Former CBS reporter Sharyl Attkisson recently wrote about the film’s snub with the headline: “Censored: Larry Elder’s ‘Uncle Tom’ film.” But the Hollywood trade publications Variety and Hollywood Reporter? Silence.

The Chicago Tribune’s John Kass, a political writer, wrote a piece headlined “What Frightens the American Left: Larry Elder’s New Documentary ‘Uncle Tom.'” Kass writes:

Is there anything more frightening to the American political left and their high media priests of the woke world than Black Americans who think for themselves and refuse to kneel? … And so, they are demeaned by Democratic politicians and either ignored outright or marginalized as race traitors, sellouts and ‘Uncle Toms.’ It’s a way to humiliate them, shut them up, and cancel them. And the party’s handmaidens of the media play along. But that’s one reason why Larry Elder’s stunning new film, ‘Uncle Tom: An Oral History of the American Black Conservative,’ is so important, especially now.
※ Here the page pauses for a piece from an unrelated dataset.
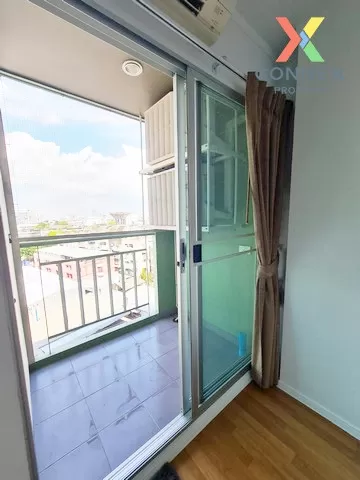 FOR SALE condo , Lumpini Ville Suksawat-Rama 2 , Duplex , nice view , MRT-Sam Yan , Chom Thong , Chom Thong , Bangkok , CX-00013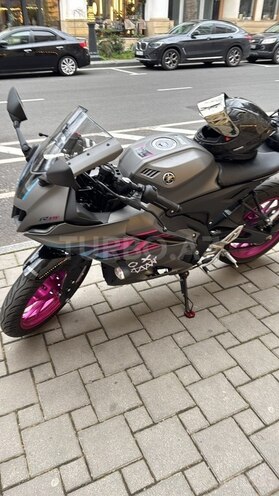 Yamaha R15 V4 2024, 1,600 km - 0.2 l - Bakı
Each of the following three year-end lists of “best” documentary films of 2020 ignores “Uncle Tom,” despite an IMDb viewer rating higher than any on the lists—in most cases, far higher. (IMDb, the Internet Movie Database website, assigns films a rating, from one to 10, based on viewers’ reviews.)

First, Polygon’s list: 1) “Dick Johnson Is Dead,” 7.5 (IMDb rating); 2) “Bloody Nose, Empty Pockets,” 7.3; 3) “Welcome to Chechnya,” 7.9; 4) “Collective,” 8.4; 5) “You Don’t Nomi,” 6.7; 6) “The Go-Go’s,” 7.5; 7) “Mucho Mucho Amor,” 7.2; 8) “I Am Greta,” 5.2; 9) “Mayor,” 7.5; 10) “City Hall,” 7.3.

Next, Paste Magazine’s top 25 list, listed alphabetically, without rankings, contains some of the same films, but many others are not on the first list. The new additions are: “76 Days,” 7.1; “David Byrne’s American Utopia,” 8.3; “The Annotated Field Guide of Ulysses S. Grant,” N/A; “Boys State,” 7.7; “City So Real,” 7.4; “Crip Camp,” 7.8; “Epicentro,” 6.8; “Feels Good Man,” 7.6; “Fireball: Visitors from Darker Worlds,” 7.0; “The Grand Bizarre,” 6.7; “Heimat Is a Space in Time,” 6.8; “The History of the Seattle Mariners,” N/A; “I Walk on Water,” 6.7; “Malni—Towards the Ocean, Towards the Shore,” 6.2; “The Metamorphosis of Birds,” 7.8; “The Painter and the Thief,” 7.6; “Sunless Shadows,” 7.3; “Time,” 7.2; “Vick,” 7.4.

Finally, there’s IndieWire, an independent film website whose 2020 “best of” list (unranked and listed alphabetically) also ignores “Uncle Tom.” The films on its “best of” but not already listed above include: “All In: The Fight for Democracy,” 6.3; “Athlete A”, 7.7; “Gunda,” 7.4; “The Mole Agent,” 7.6; “The Social Dilemma,” 7.7.

Not a single film on these three lists achieved an IMDb rating of 8.5 or more. Not one. “Collective” registered the highest at 8.4. How did “Uncle Tom,” again, shut out on all three lists, rate on IMBD? 8.9. Not a typo: 8.9.

Finally, of the last 10 Oscar winners for Best Documentary, none has a higher IMDb rating than “Uncle Tom.” None. Only one matched its 8.9 rating. See you at the Academy Awards?